§ TASK
What are the lines below, starting at the line containing "Blaye as seen" and ending at the line containing "Naipes Oxalis V3"? Write them out exactly, ends included, without pictures.

§ SUPPLIED MATERIAL
>>>>>

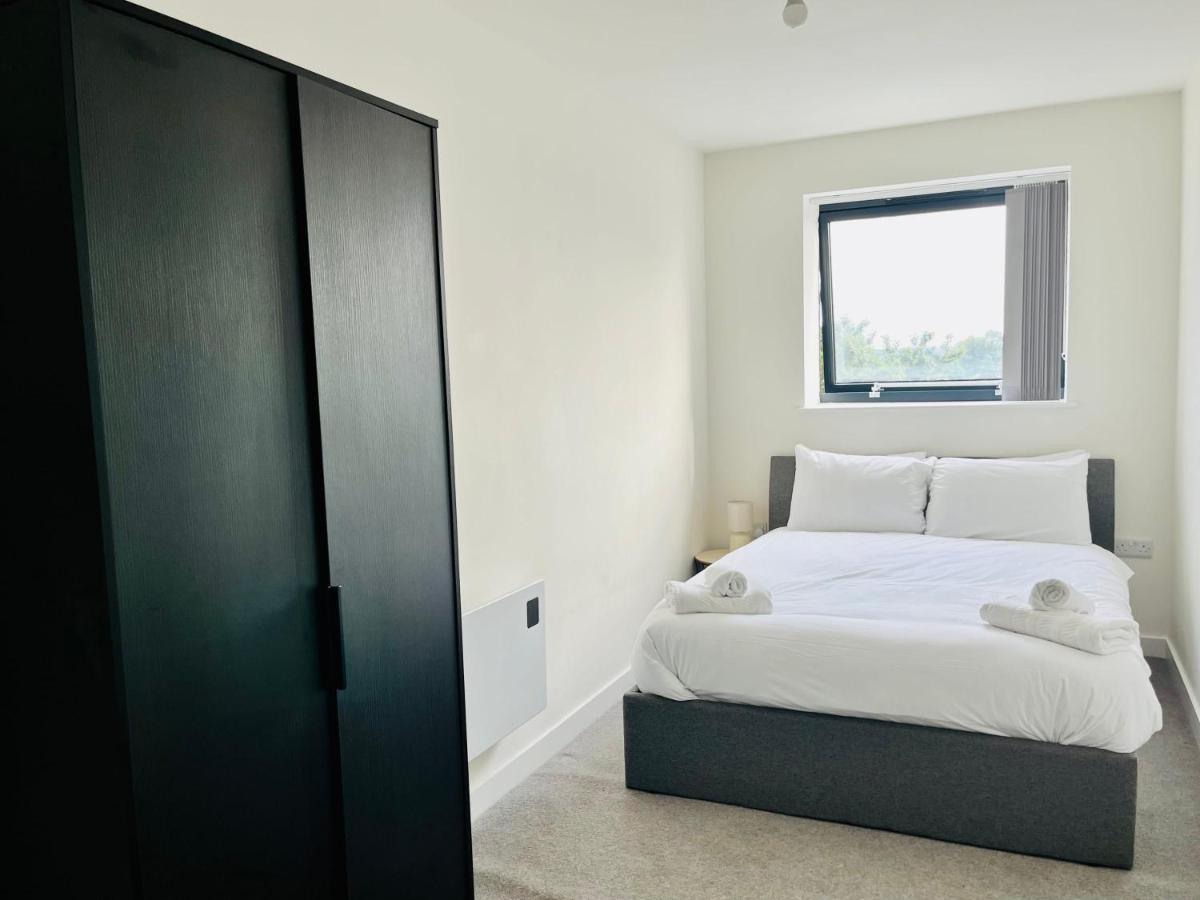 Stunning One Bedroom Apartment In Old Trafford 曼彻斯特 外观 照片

<<<<<
>>>>>

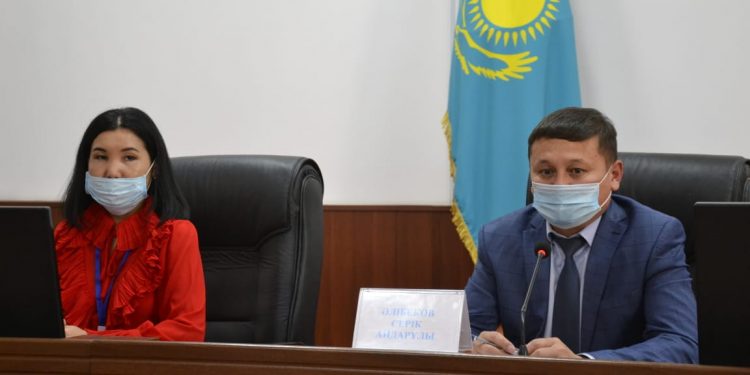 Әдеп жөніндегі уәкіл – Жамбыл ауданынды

<<<<<
>>>>>

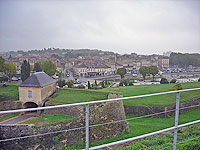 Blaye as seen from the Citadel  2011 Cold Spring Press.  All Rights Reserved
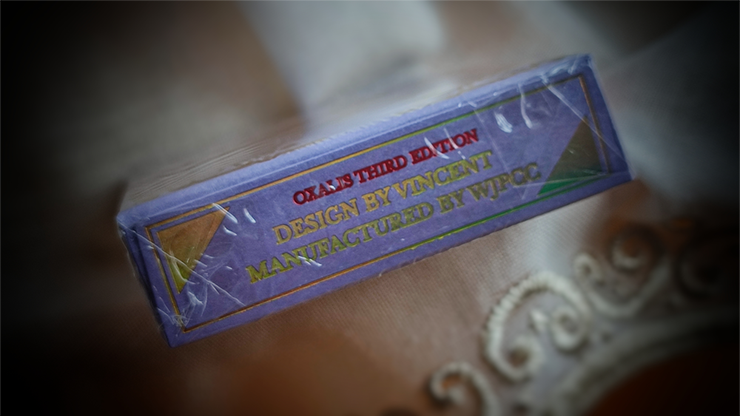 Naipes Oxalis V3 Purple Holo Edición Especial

<<<<<

§ FINISHED EXERCISE
 Blaye as seen from the Citadel  2011 Cold Spring Press.  All Rights Reserved
 Naipes Oxalis V3 Purple Holo Edición Especial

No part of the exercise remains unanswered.